It is not clear to me whether by “terminating our relationship” the President means simply to withdraw support or to take some more drastic step like ending U.S. membership.  As always, it is also unclear whether his administration will follow through on his statements.  In this post, I will analyze just one issue raised by the President’s escalating threats:  Assuming the United States remains a member in some form, can the President just end U.S. funding for the WHO on his own?

As I explained in this article on Congress’s power of the purse, the President has no constitutional authority to deny international aid if Congress mandates the aid by statute.  For better or worse, however, current appropriations laws do seem to give the administration some flexibility over WHO funding.  Congress could choose to eliminate that flexibility and mandate WHO contributions, but until it does so it looks to me like the administration has authority to withhold some or all of the U.S. contribution.

Constitutional Background

Let me start with the constitutional background. As discussed in my article and this earlier blog post, Congress has authority to control foreign aid through its so-called “power of the purse,” that is, its authority over federal expenditures.

Unlike certain other foreign affairs functions, such as recognizing foreign governments and communicating diplomatic positions, providing aid is not something the President can do on his own; he depends entirely on congressional appropriations to provide funds for it.  For that reason, any presidential authority to provide aid is “resource-dependent,” as I put it in the article.  Only Congress can appropriate funds for the aid, and accordingly Congress has authority to dictate the terms and conditions on which the funding is available.

In this case, that means that Congress can mandate funding for the WHO, just as it could mandate expenditures on, say, AIDS treatment in Africa, foreign aid to allies, or—just hypothetically—Ukrainian military defenses.
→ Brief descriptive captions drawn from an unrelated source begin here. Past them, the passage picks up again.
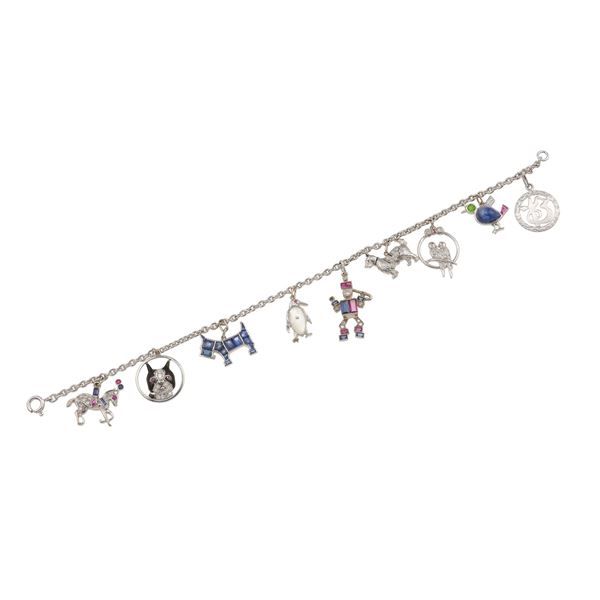 Gem-set, platinum and gold bracelet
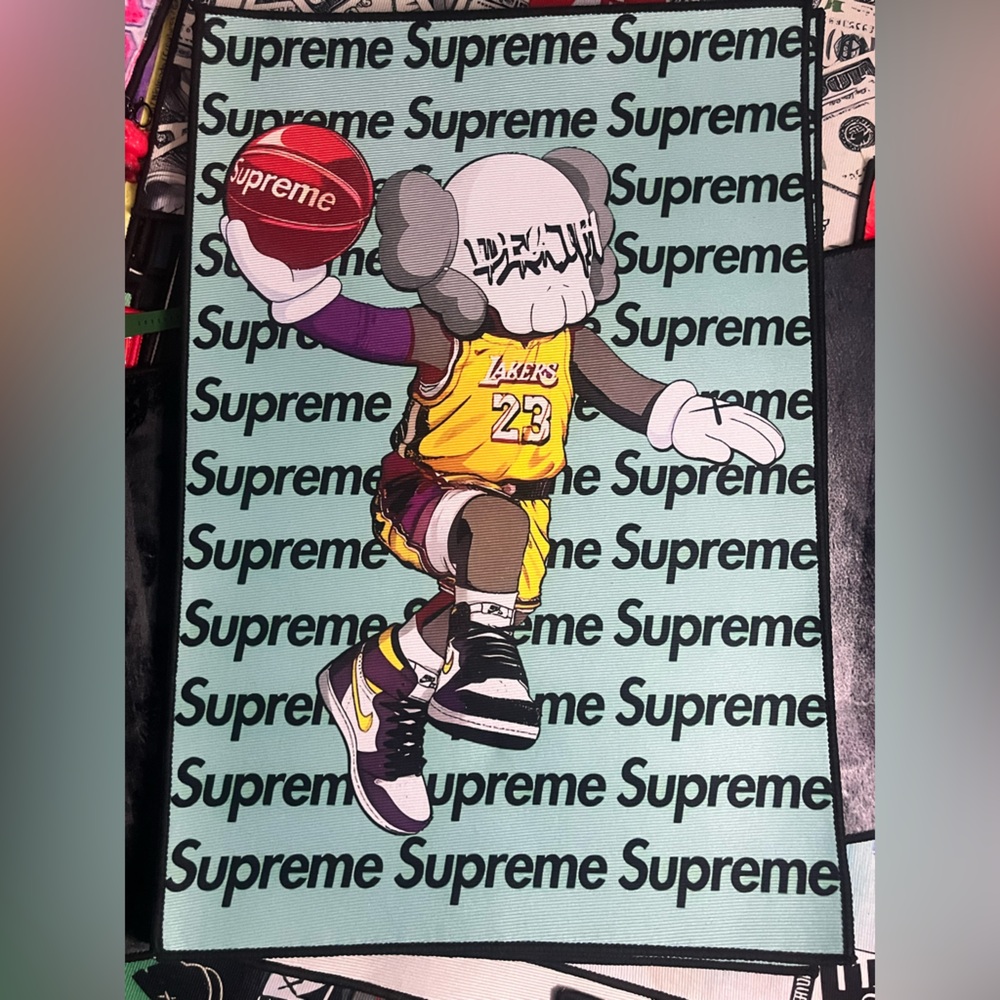 Supreme KAWS Basketball Character Rug - Yellow and Red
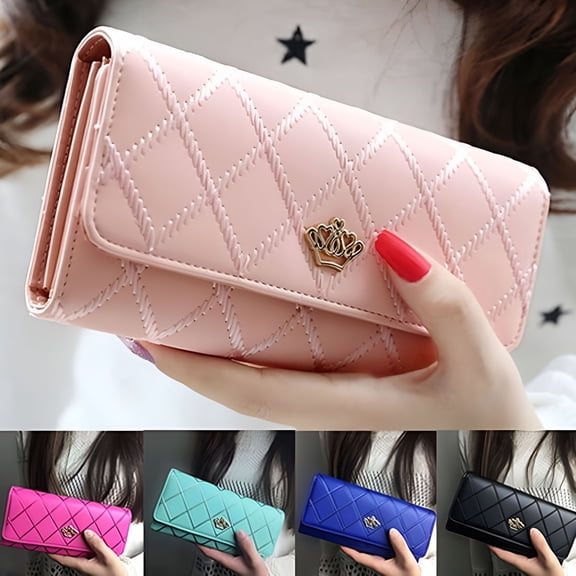 GASTROPOD 2026 New Women Quilted Crown Clutch Long Purse Faux Leather Wallet Card Holder Handbag for Shopping, Work, Travel, Casual Outings, Pink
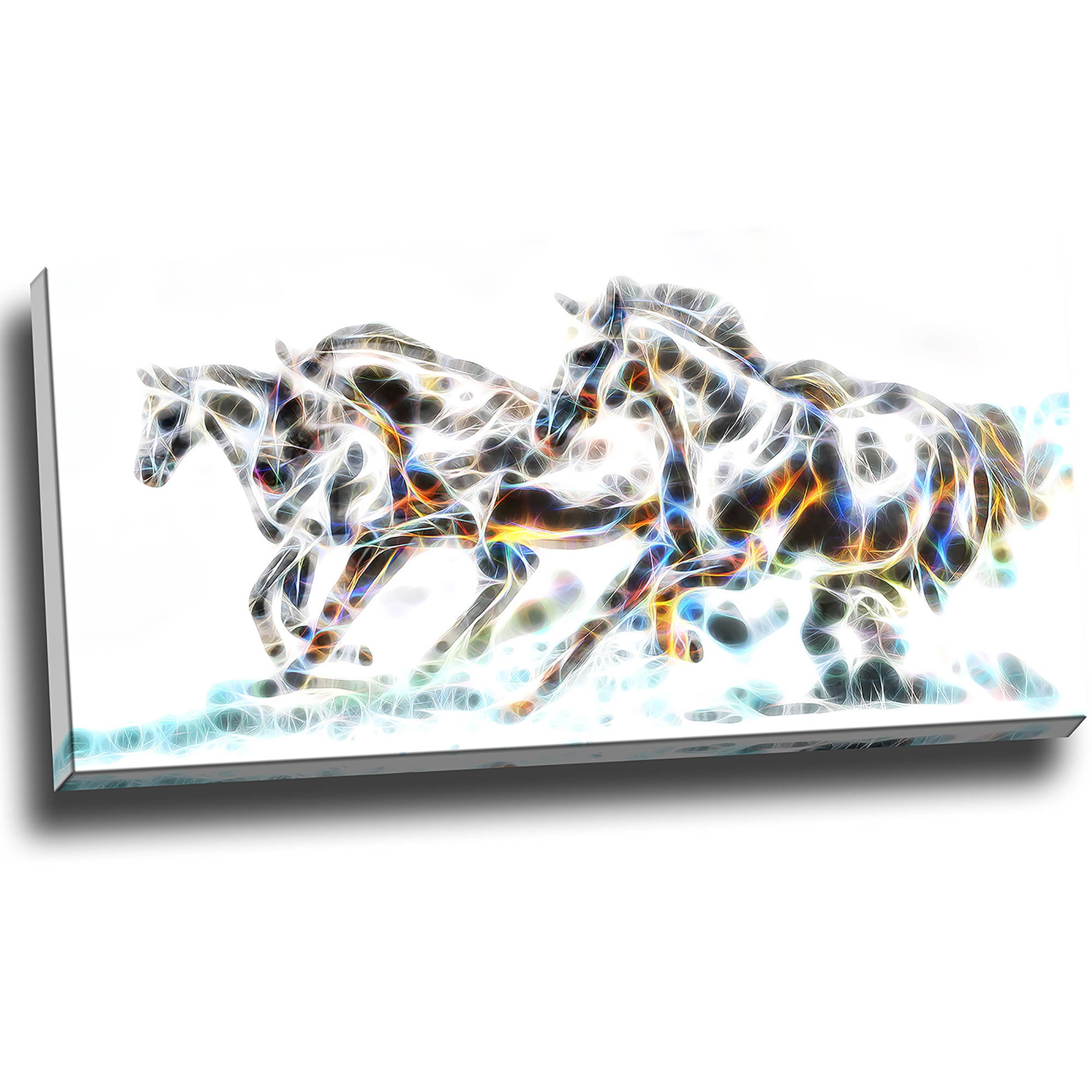 Design Art Wild Horses Art on Canvas, 32" x 16"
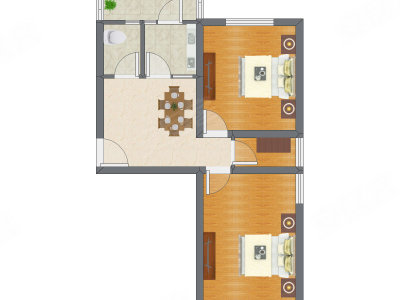 2室1厅 70.44平米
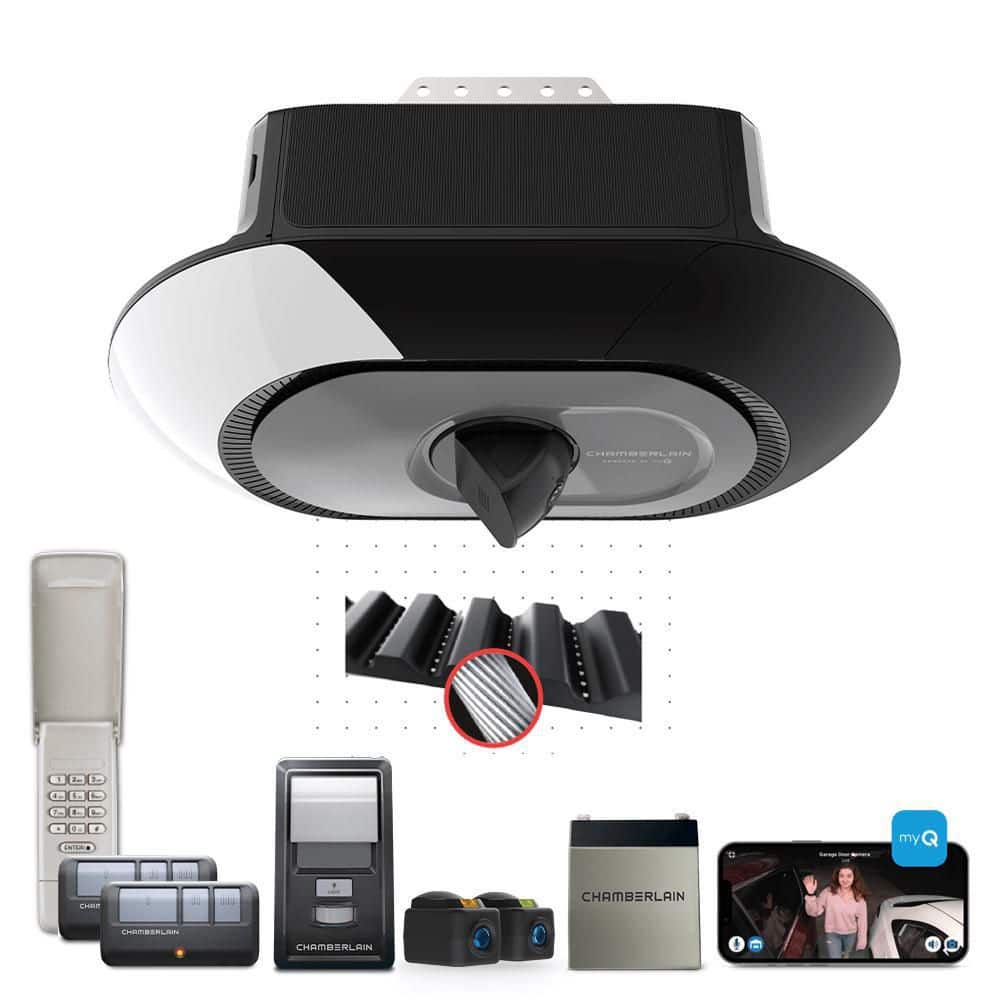 Chamberlain Secure View 3/4 HP LED Quiet Belt Drive Smart Garage Door Opener with Integrated Security Camera and Battery Backup B4655T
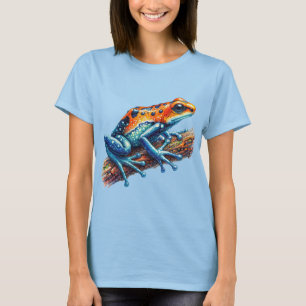 T-shirt Poison grenouille orange et bleu
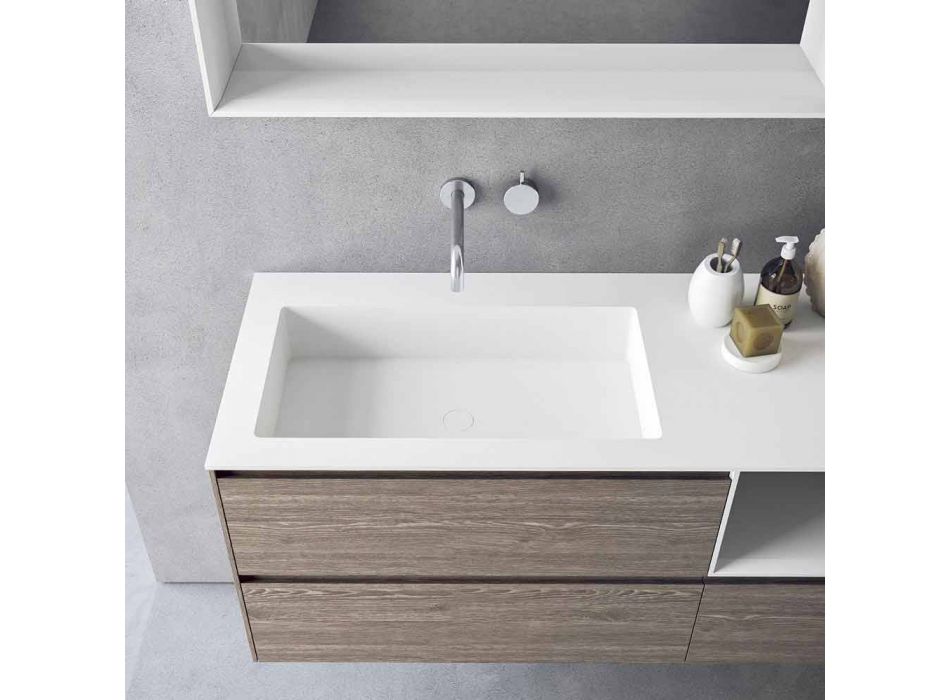 Kompozycja mebli łazienkowych, nowoczesny i podwieszany projekt Made in Italy - Callisi8 Viadurini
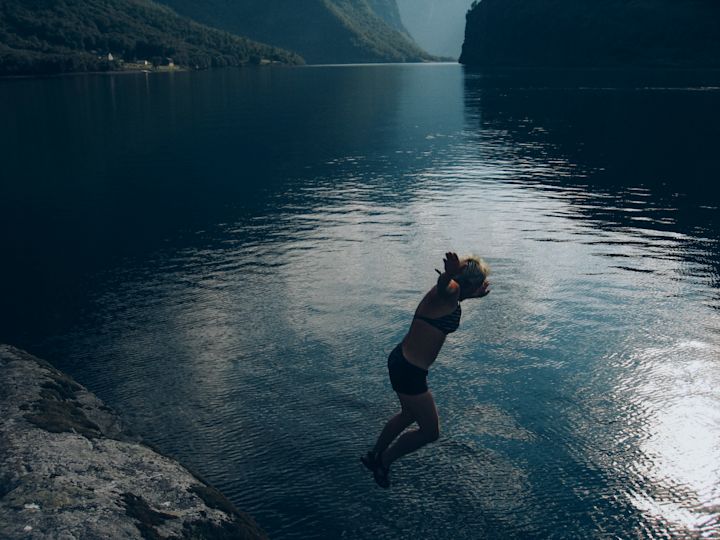 Diving into the river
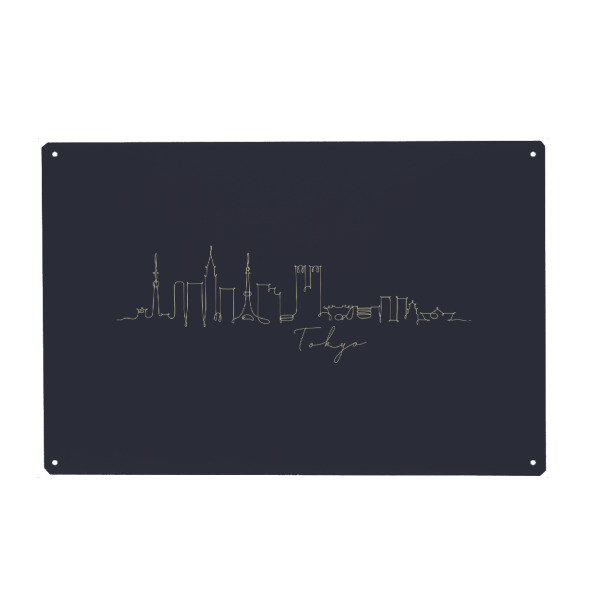 Holzbild "Pen line silhouette Tokyo blue" artboxONE - Schwarzweiß,Städte / Tokio
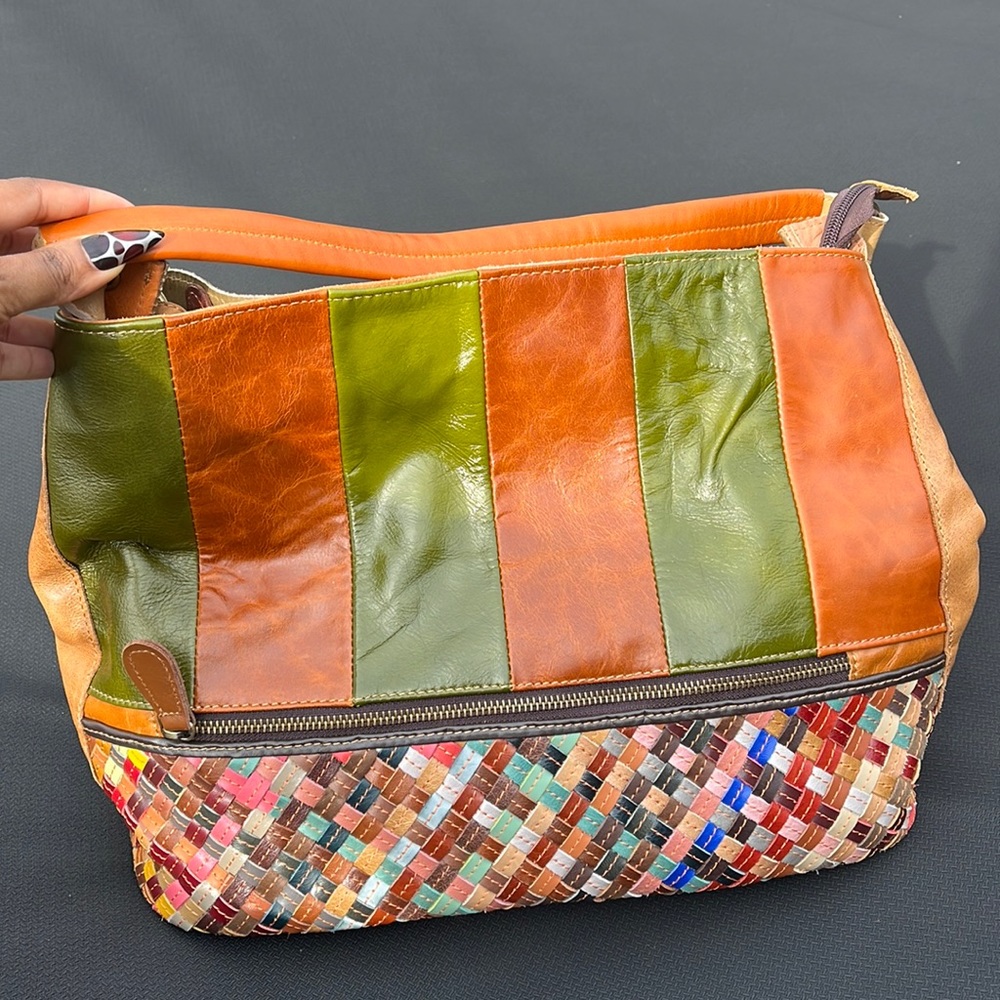 Ameri Leather patchwork leather hobo bag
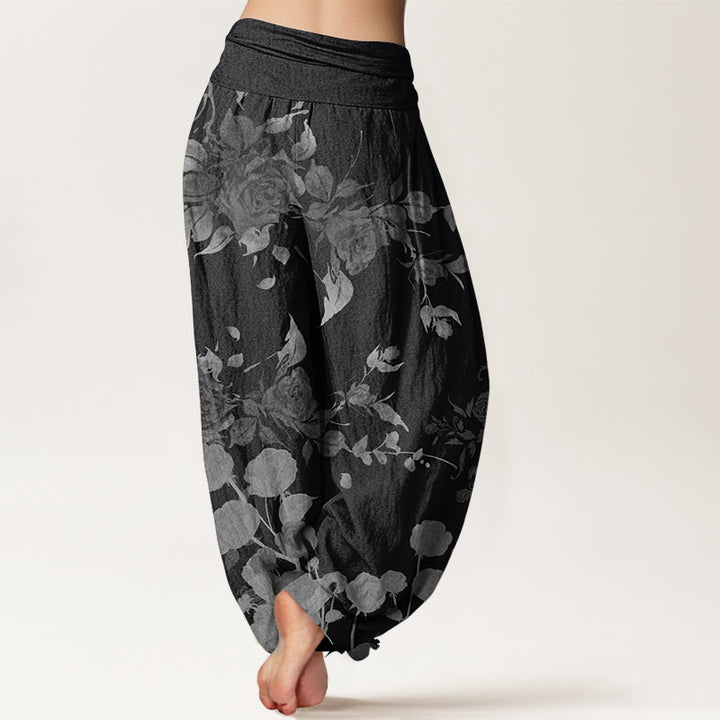 Buddha Stones Pure Cotton Blooming Budding Flowers Pattern Women's Elastic Waist Harem Pants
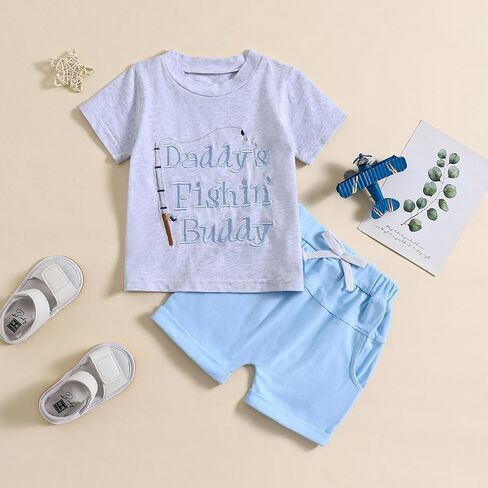 Toddler Baby Boy Fishing Outfits Daddy's/Papaw's Fishing Buddy Short Sleeve T-Shirt and Fish Print Shorts 2Pcs Set in Saudi Arabia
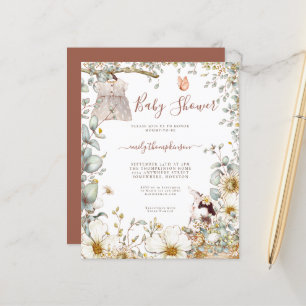 Budget-Häschen-Mädchen-Vintage-Baby-Party-Einladun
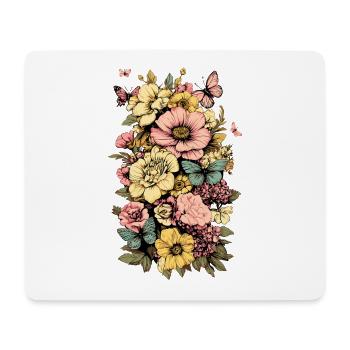 Blumen und Schmetterlinge im retro style - Mousepad (Querformat) - Weiß - Vorne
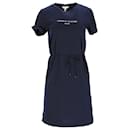 Tommy Hilfiger Womens Essentials Logo Short Sleeve Dress in Navy Blue Cotton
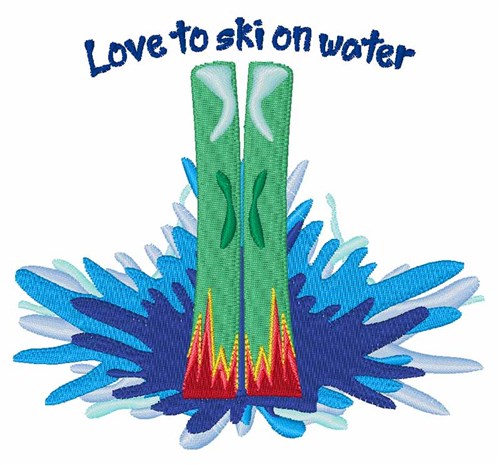 Ski On Water Machine Embroidery Design
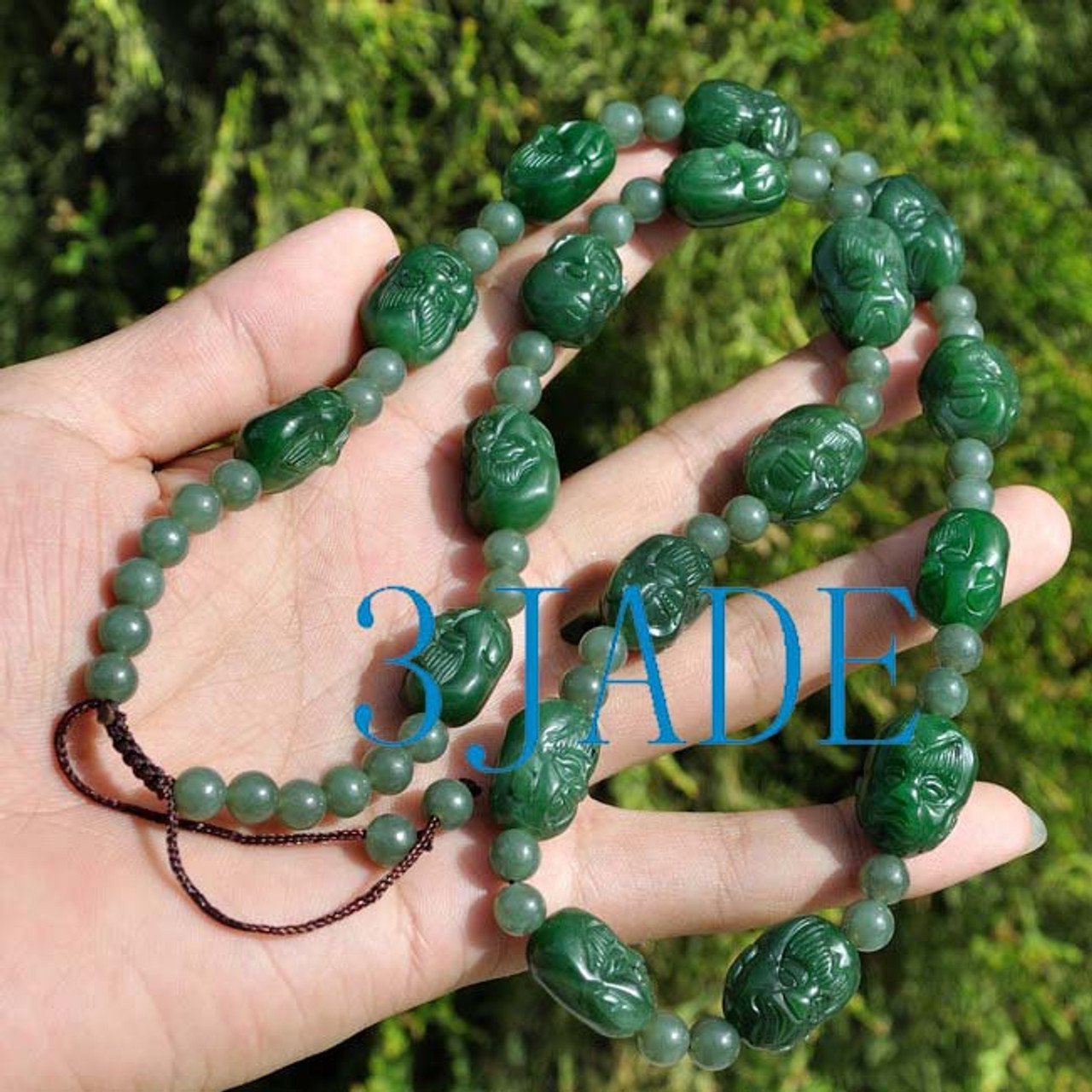 Hand Carved Green Nephrite Jade 18 Arhat Buddha 18mm Beads Necklace ...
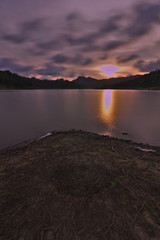 sunset on the lake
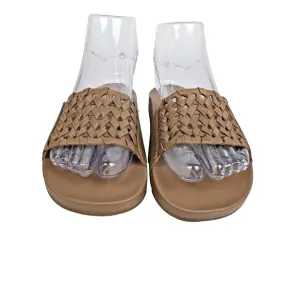 Olukai Kamola Sandal Slide Women's 6 Brown Woven Leather Beach Wet Grip Rubber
President Trump’s impeachment of course actually centered on delayed assistance to Ukraine, and I’ll return to that example shortly.  Amid debates over the impeachment, some argued, and the administration itself hinted, that the President has preclusive authority to withhold aid if he chooses.  This view is wrong.  It is at odds with the constitutional text, which empowers Congress to appropriate funds by statute and then obligates the President to “take Care” that all federal laws, including appropriations statutes, are faithfully executed.  In addition, although Presidents have claimed on occasion that they have a foreign-affairs prerogative to withhold mandated aid, I am aware of no significant pattern of actual executive behavior based on this theory.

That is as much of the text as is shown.